In xoNecole's Finding Balance, we profile boss women making boss moves in the world and in their respective industries. We talk to them about their business, and most of all, what they do to find balance in their busy lives.
As we navigate this world, we all are given different opinions and perspectives on how we should be. We've been told to be kind, not mean, be brave, not afraid, and be selfless, not selfish. I don't know about y'all, but as I've gotten older, the definition of these things have definitely shifted for me. Now that I am in my 30s, my definition for being brave may be different from someone else's. Even with the word 'selfish' and the negative association to it, I am sure it leaves a bad taste in your mouth just by saying it. But if I am being honest, being selfish does not have to always be a bad thing.

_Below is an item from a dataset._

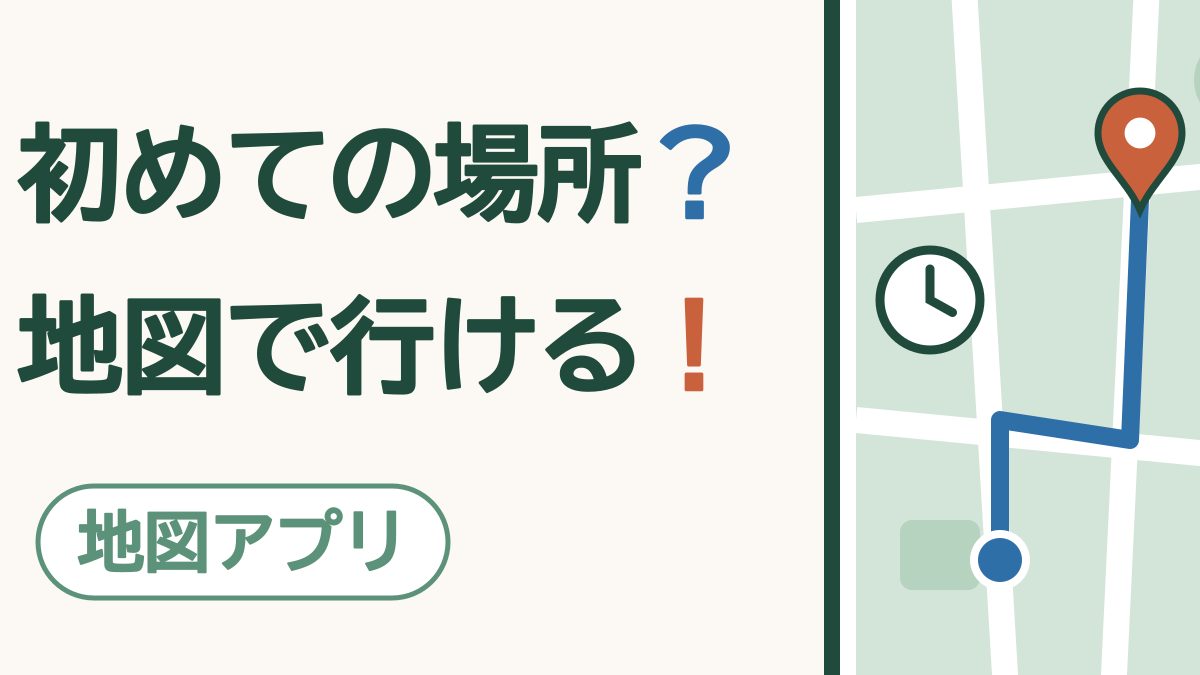 初めての場所？地図で行ける！地図アプリ。地図の上に、青い点から目的地のピンまでの道順の線と、時計が描かれている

There are nuances about selfishness that are actually very healthy, especially for those who consider themselves people-pleasers or huge givers. Now I am not saying that giving to others is something we need to stop doing. We all need support and that sense of community. All I am proposing is pivoting our mindsets a little when we think about the word 'selfish' because in reality, focusing on our well-being should be a priority. Taking care of ourselves and putting ourselves first should not be frowned upon.
Recently, I had an amazing conversation with actress Zuri Adele, a woman who made the decision to be selfish through self-choosing, and she hasn't looked back since. Zuri grew up between Palo Alto, California, and Brooklyn, New York. She studied acting at Spelman College, the British American Drama Academy, and UCLA's School of Theater, Film, and Television. Outside of acting, Zuri is very passionate about wellness. In addition to teaching acting at the Oprah Winfrey Leadership Academy for Girls in South Africa and UCLA's TFT, she's led yoga classes, voice workshops, and curated wellness experiences within her communities.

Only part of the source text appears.